Queria um ano novo que brilhasse em entendimento de política, economia, empreendedorismo, start-ups, pequenas empresas. Queria expor o peito no "Face" e confessar em quem votei, mas posso ter votado no meu inimigo mais ferrenho e depois...

Cansei de ficar sentada no muro, noutra partida de tênis esperando descobrir qual jornal é de esquerda, qual de direita. E quero entender pedra por pedra do Oriente Médio, minha maior
humilhação. Queria voltar aos tempos de moça, no outro dia mesmo, onde nada quase era vergonhoso. Acudiam-se os pobres, fazíamos sopão, recolhíamos agasalhos, levantávamos do chão o pobre Jacintho, éramos escoteiros e bandeirantes, sinto um vácuo no peito por não ter me dedicado aos menos felizes.

Queria desaprender política, economia, terror. O pouco que sei e que entendo. Não queria ter medo.

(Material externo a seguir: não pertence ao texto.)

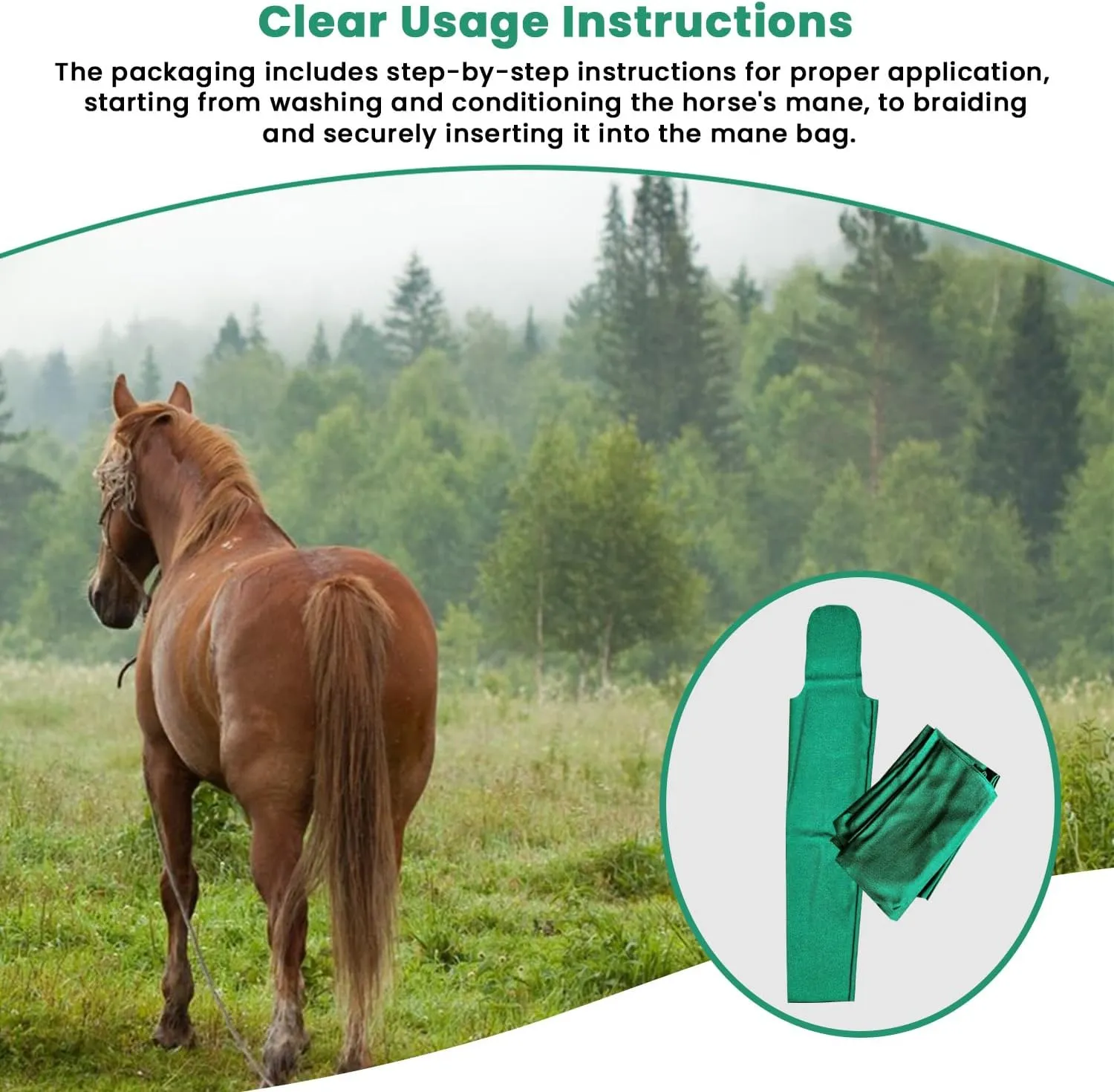 Ranch Hand Horse Mane Bags | 6 Pack | Horse Tack/Supplies | Protect Horse's Mane from Wind, Sun, Mud, Preventing Tangles, Rubbing Out, and Breakage | Handmade Mane Care (GREEN)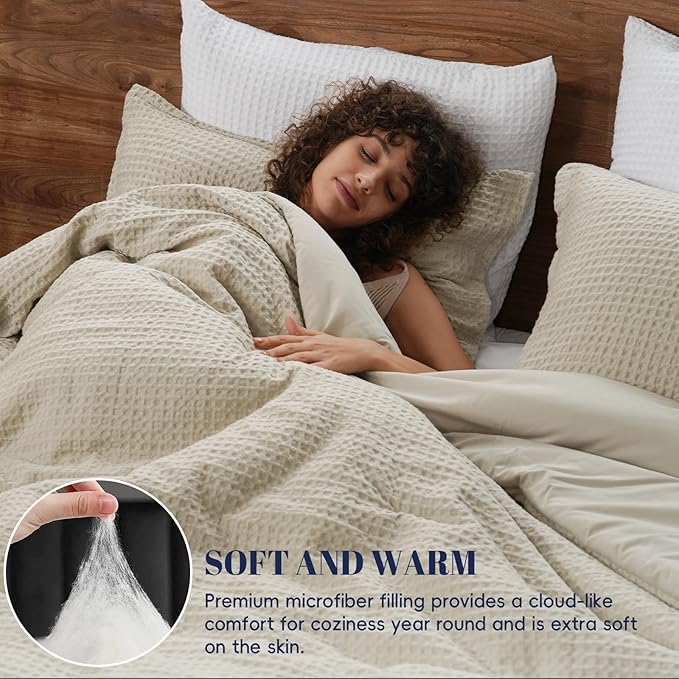 PHF Ultra Soft Waffle Weave Comforter Set California King Size, 3 Pieces Lightweight Breathable Comfy Bedding Set, Comfy Textured 1 Comforter with 2 Pillow Shams, Linen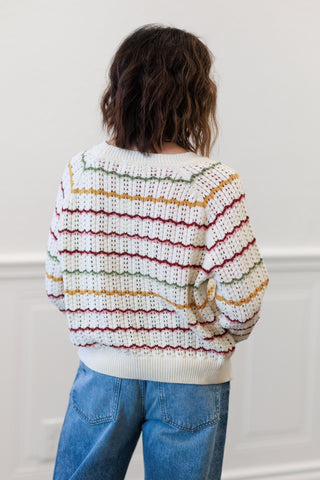 Artisan Multi-Color Crochet Scallop Sweater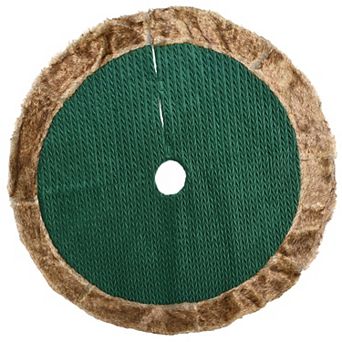 National Tree Company Quilted Faux Fur Trim Christmas Tree Skirt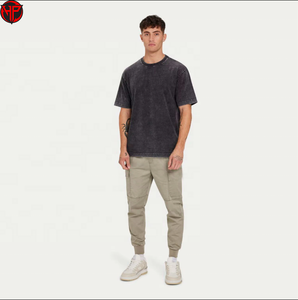 Pantalones Cargo de Lona de Algodón de Cintura Alta para Hombre, Talla y Logotipo Personalizados, Pantalones de Trabajo Utilitarios con Múltiples Bolsillos y Estilo Desgastado - Product Image 1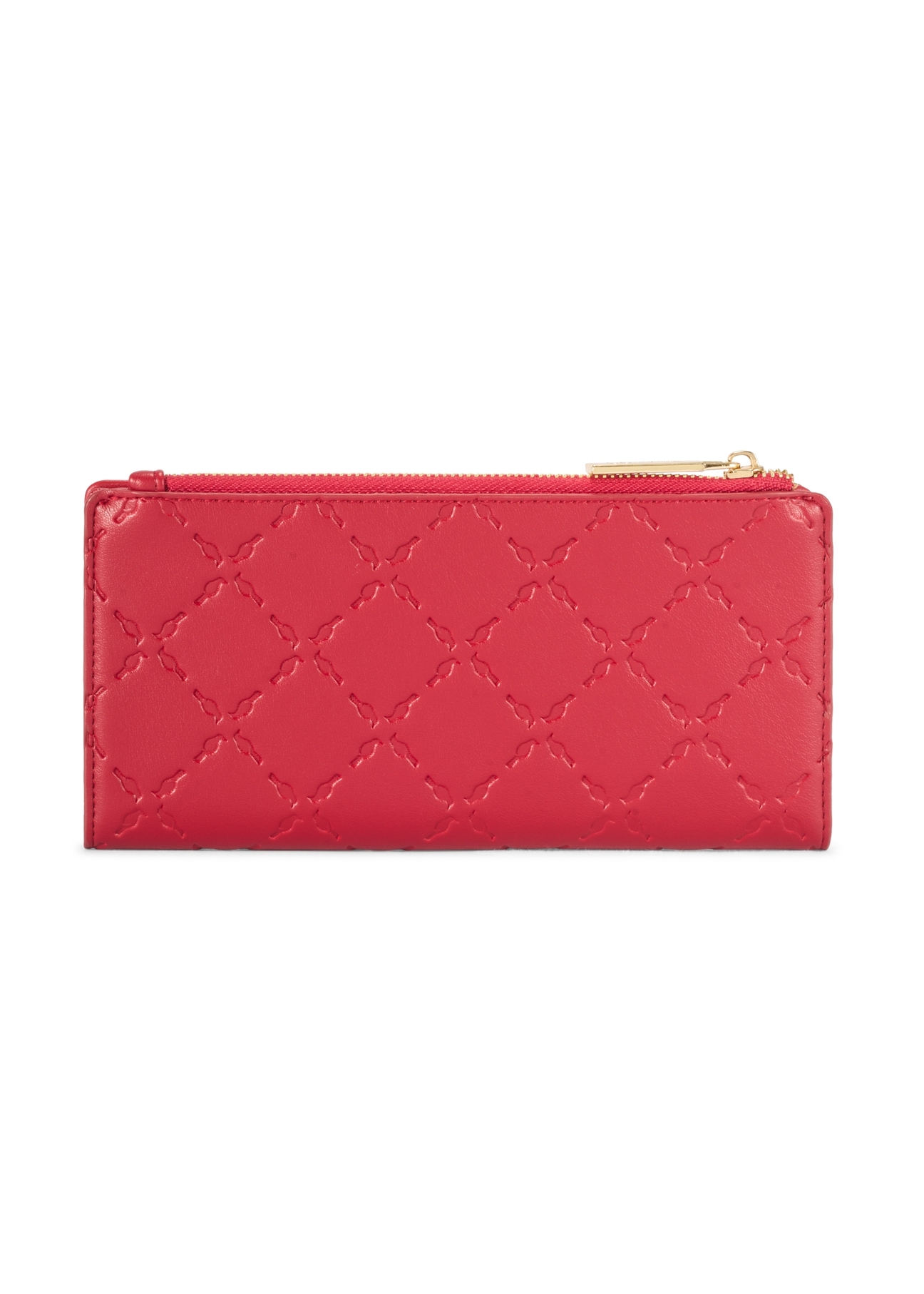 Red large women's wallet POREC-0406-4B(W26) - product view from the back, on a white background.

Todos têm medo, não é engraçado.

Enjoei da imprensa que quando pega um ossinho faz como asas de galinha, chupa, chupa até brilhar em marfim e só consegue sorrir de novo com um tsunami de boas proporções. Eu entendo, traduzi por uns tempos as lutas no Oriente Médio e sentia um aperto no coração quando não se punha fogo numa cidade. Um assunto, um assunto! Depois que escrevi isso os assuntos continuaram em enxurrada infeliz. O que está acontecendo conosco?

Pior do que tudo foi ler o livro da Tati Bernardi que me recomendaram como uma comédia sem fim e chorar, e se reconhecer na mulher ansiosa. Comédia?

De comida andamos até bem demais. Chegou ao cúmulo, passou do limite, alcançou as estrelas. O difícil será em 2017 tirar o salto e vestir de novo as tamancas. O que ajudaremos a
fazer com alegria.

E não posso deixar de agradecer o Jabuti. Fiquei muito feliz. Quero outro.